▸ **Problem requirements**: Using the material below, print a verbatim copy of every line from the one containing "10 Hand-Pulling Wet" through the one containing "口19高12瑕疵两个盆子。", inclusive, and omit the pictures.

▸ **Records for this task**:
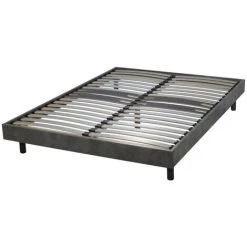 EBAC LITERIE Sommier + Jeu De Pieds 140x190 Decokit 2x18 Lattes Béton - Gris Acier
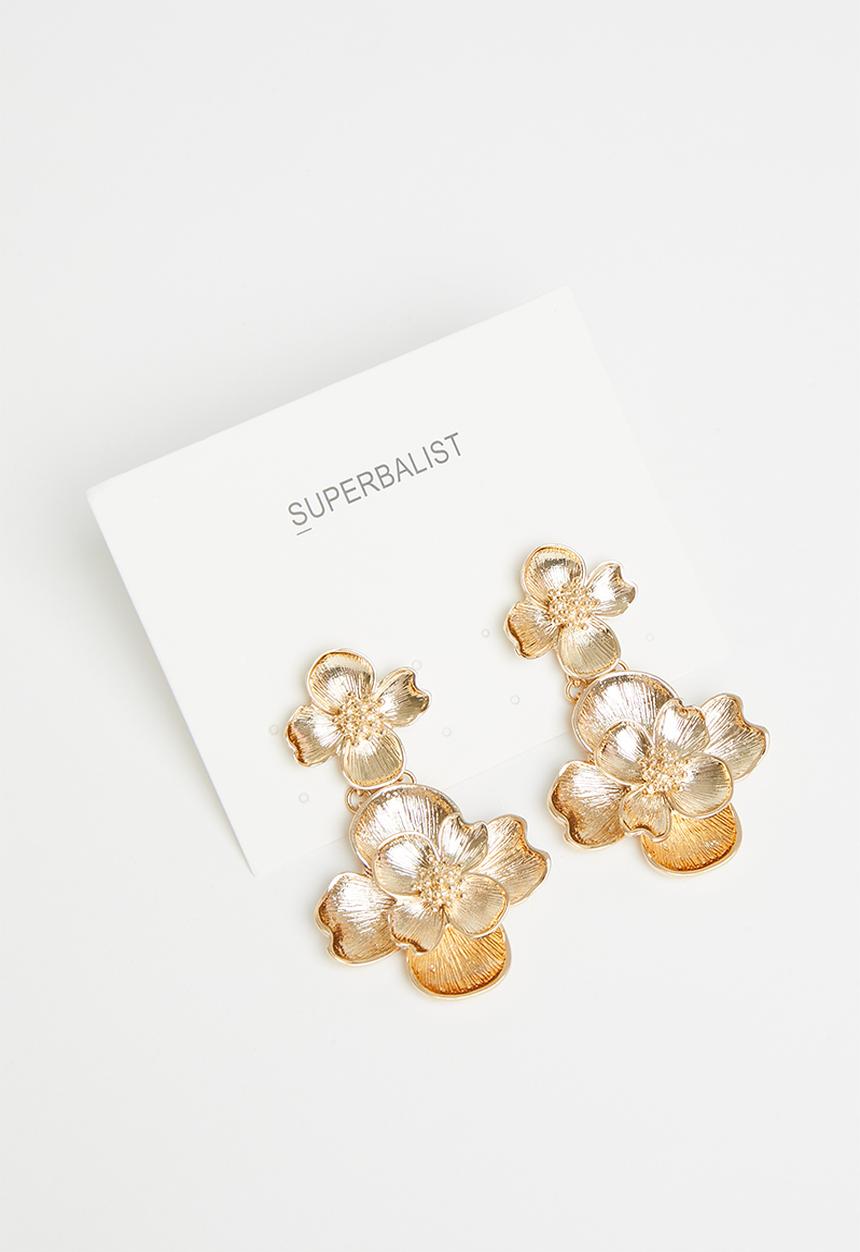 Superbalist - Milan flower statement earrings - gold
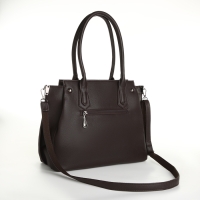 Сумка женская тоут, на молнии, цвет тёмно-коричневый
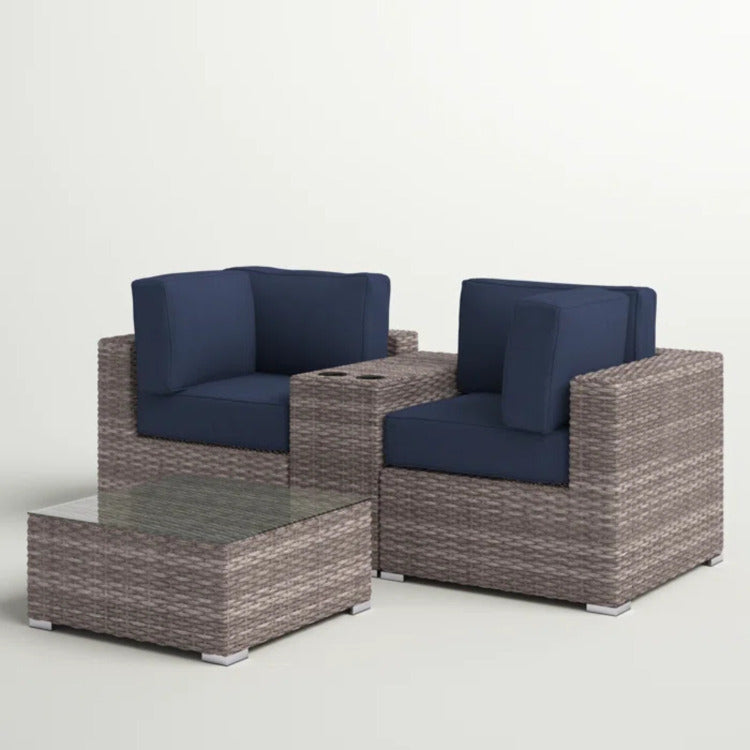 Ready To Use 2 Seat Wicker Patio Furniture Set With Cushions
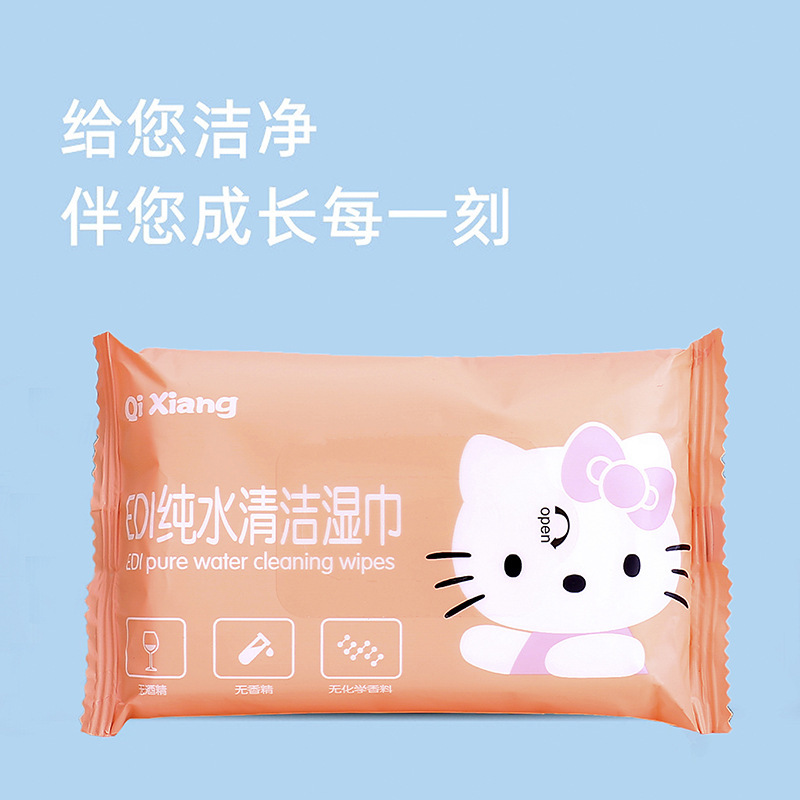 10 Hand-Pulling Wet Wipes for Babies Wholesale Removable Portable Children's Cleaning Wet Wipes Small Bag Wet Tissue Factory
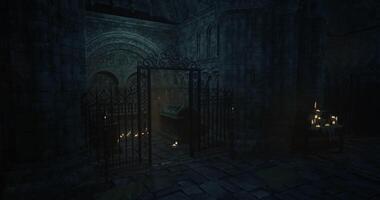 CGI Eerie stone chamber lit by flickering candles in a dark setting video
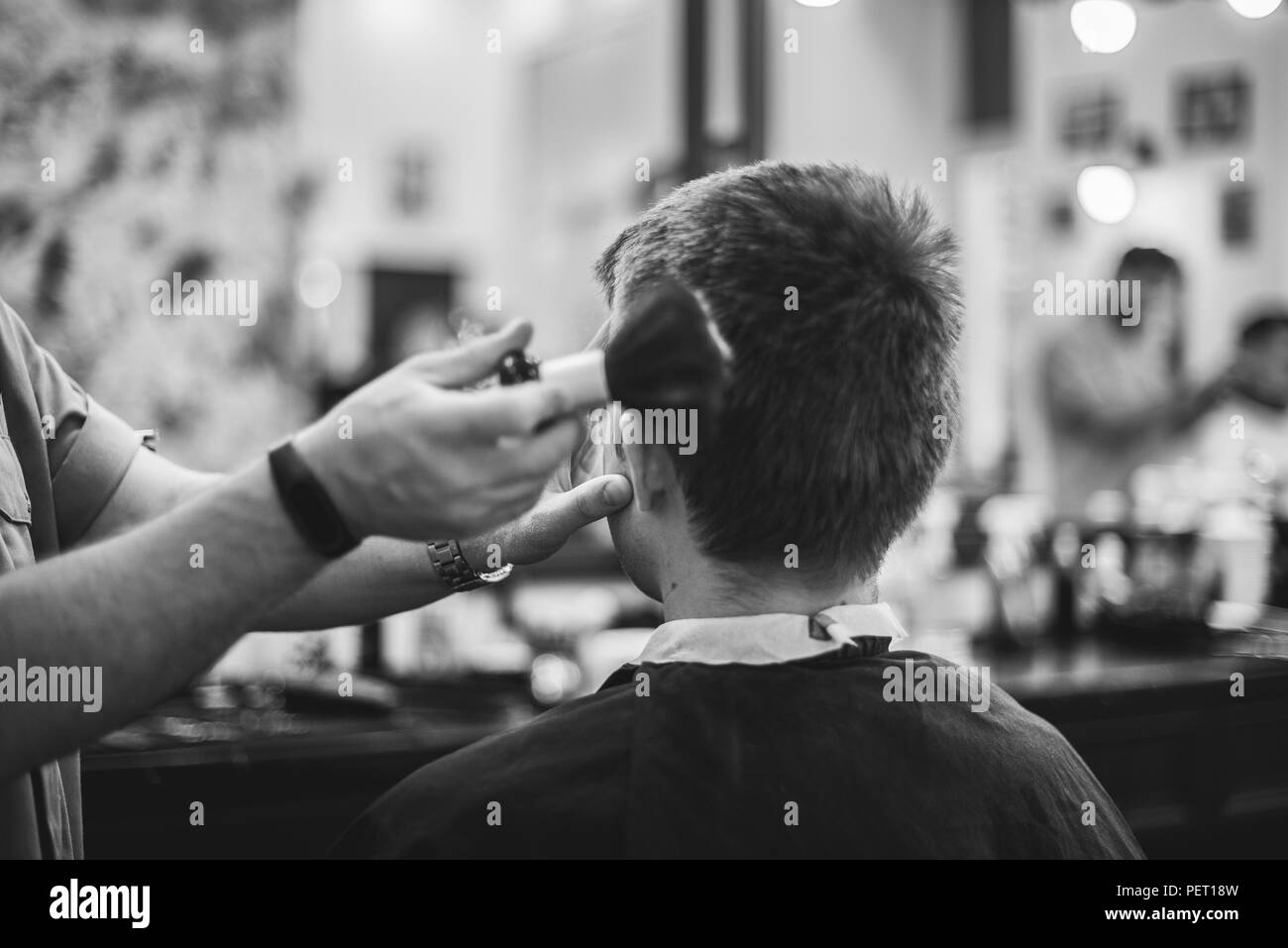 Barber Shop Black and White Stock Photos & Images - Alamy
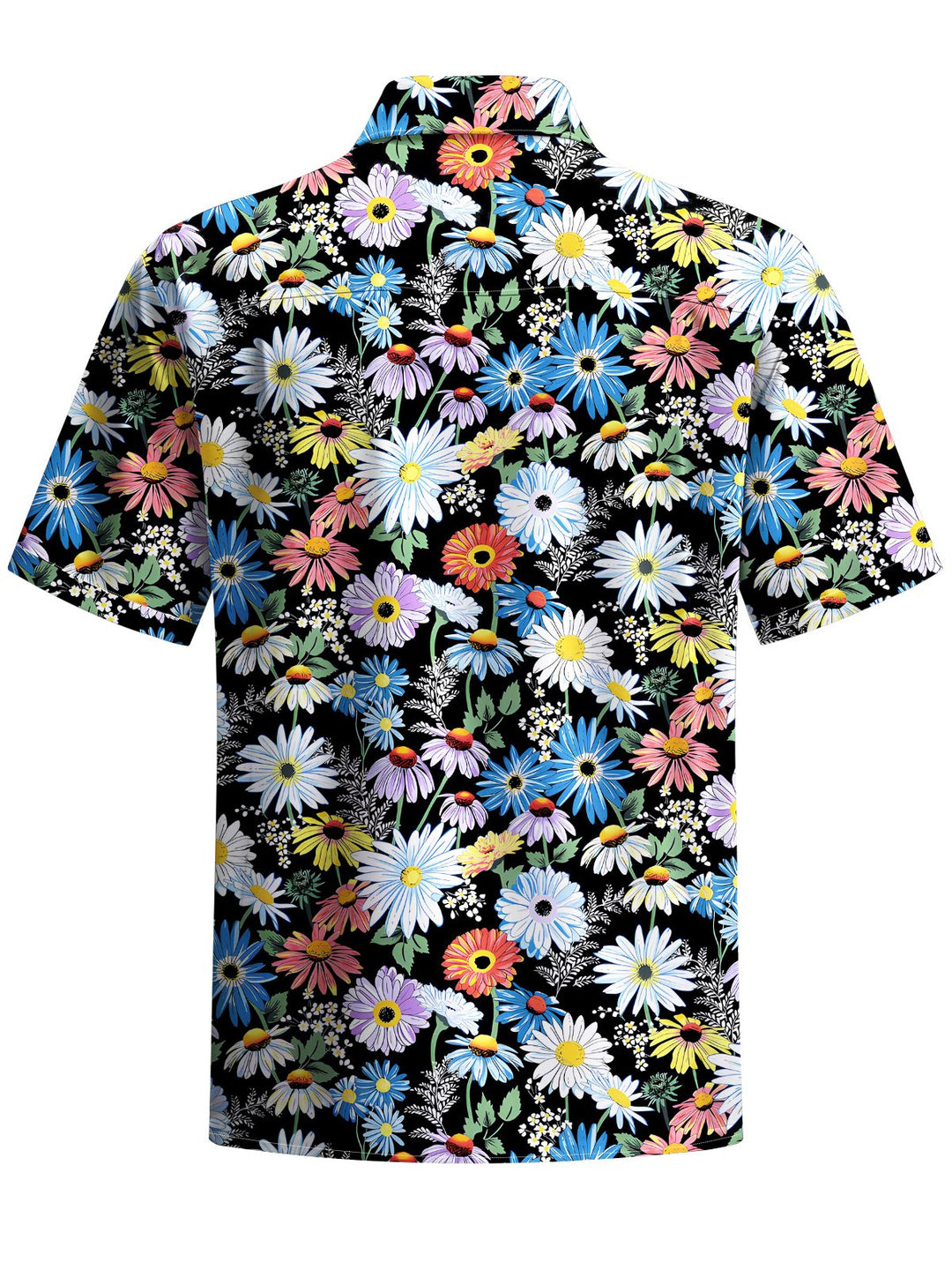 Alohadaddy® Hawaiian Flowers Art Print Chest Pocket Mens Short Sleeve Shirt Big &amp; Tall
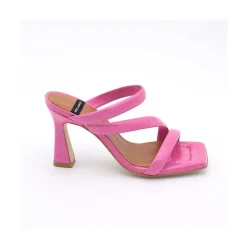 ANGEL ALARCON Cameron - Sandalias De Piel Brillante Con Tiras Anchas Acolchadas Y Tacon Alto Discount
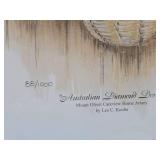 Framed Signed Numbered Print by Les Kouba - "Australian Diamond Doves"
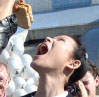 Sonya at the World Grilled Cheese Eating Championship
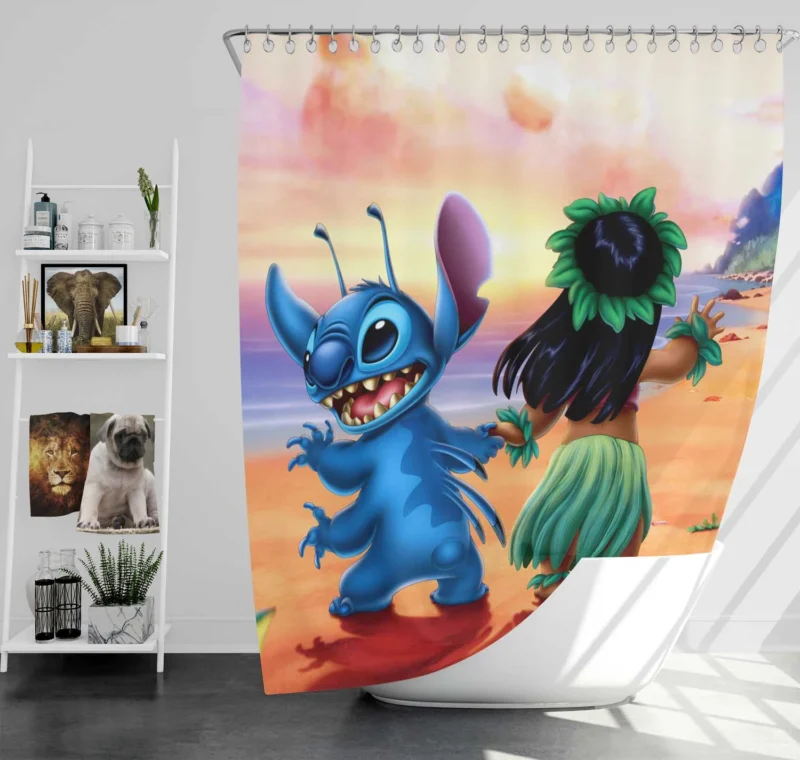 Lilo & Stitch: Beach Adventures Shower Curtain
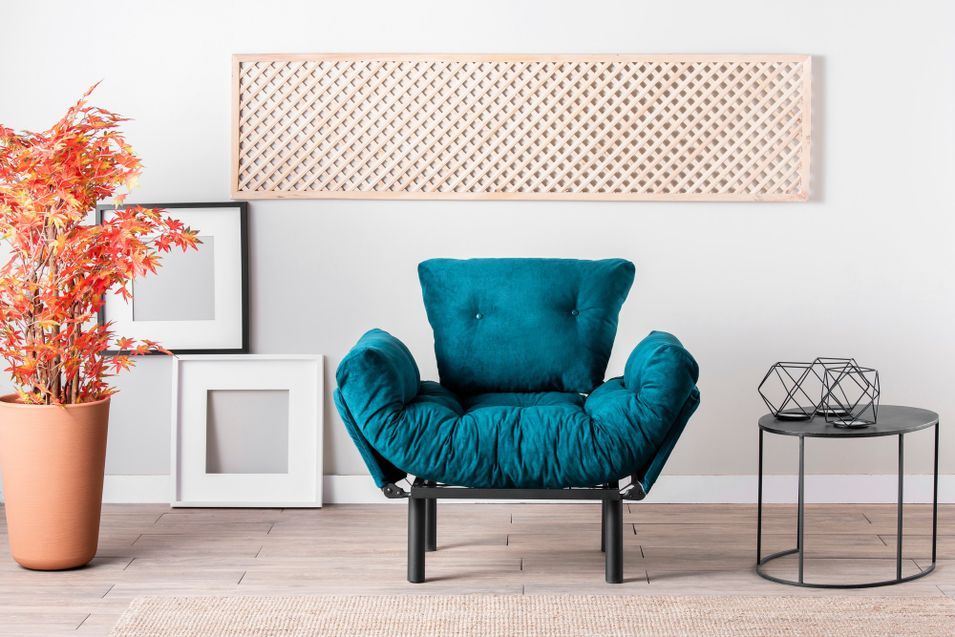 Fauteuil transformable en lit tissu vert pétrole Pliaz 95 cm - Photo n°4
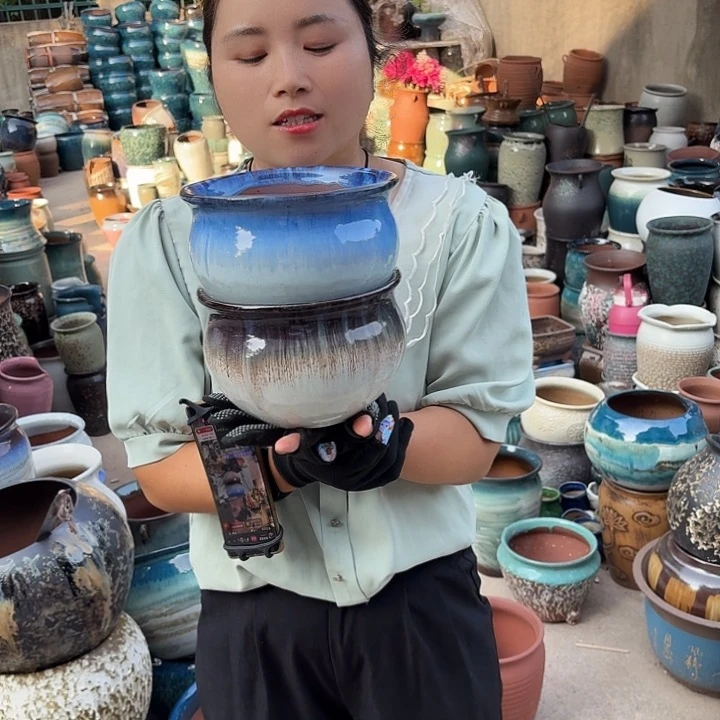 口19高12瑕疵两个盆子。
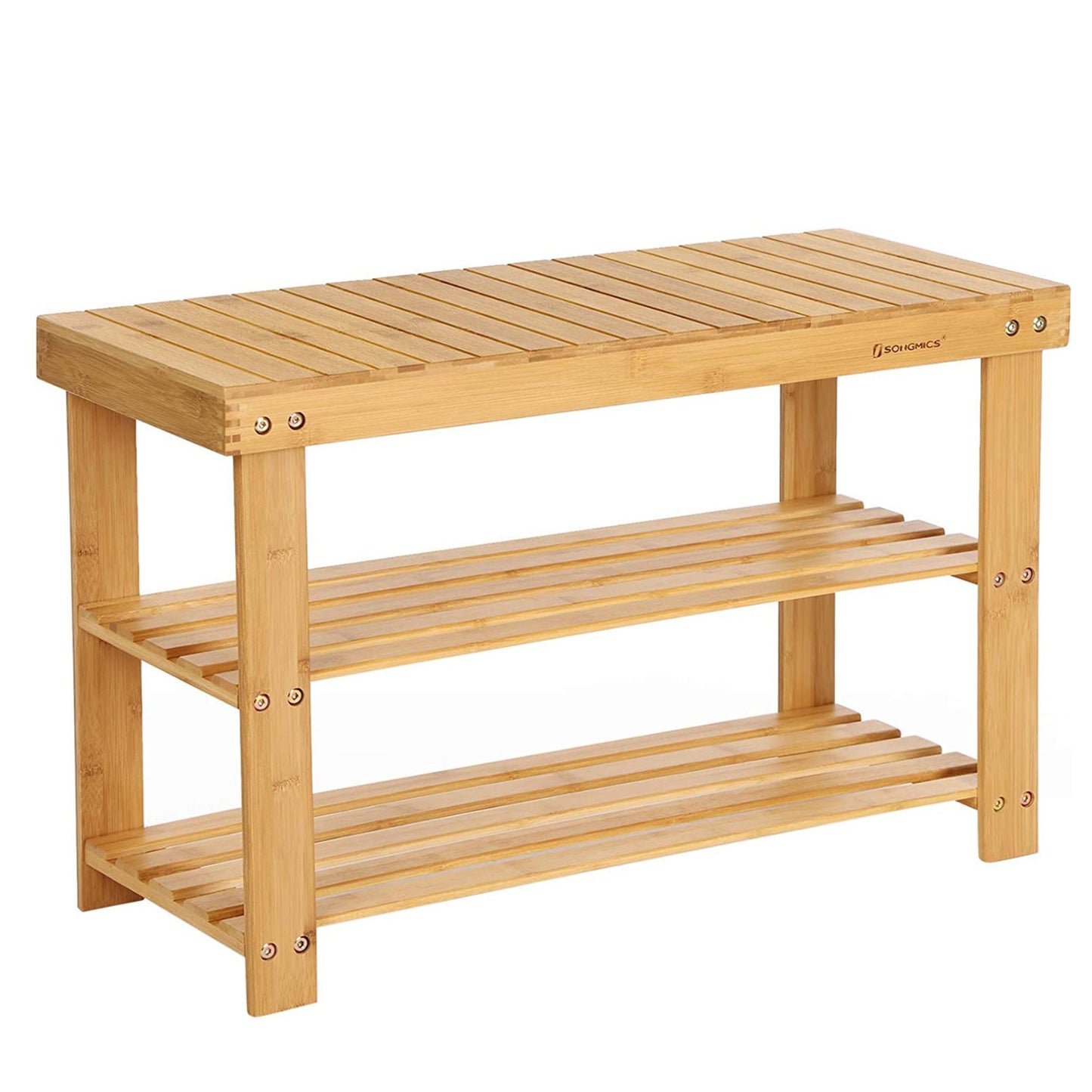 SONGMICS - Sitzbank, mit 3 Ablagen, Bambus, Schuhbank, mit Schuhregal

▸ **Exercise response**:
 10 Hand-Pulling Wet Wipes for Babies Wholesale Removable Portable Children's Cleaning Wet Wipes Small Bag Wet Tissue Factory
 CGI Eerie stone chamber lit by flickering candles in a dark setting video
 Barber Shop Black and White Stock Photos & Images - Alamy
 Alohadaddy® Hawaiian Flowers Art Print Chest Pocket Mens Short Sleeve Shirt Big &amp; Tall
 ANGEL ALARCON Cameron - Sandalias De Piel Brillante Con Tiras Anchas Acolchadas Y Tacon Alto Discount
 Framed Signed Numbered Print by Les Kouba - "Australian Diamond Doves"
 Sonya at the World Grilled Cheese Eating Championship
 Lilo & Stitch: Beach Adventures Shower Curtain
 Fauteuil transformable en lit tissu vert pétrole Pliaz 95 cm - Photo n°4
 口19高12瑕疵两个盆子。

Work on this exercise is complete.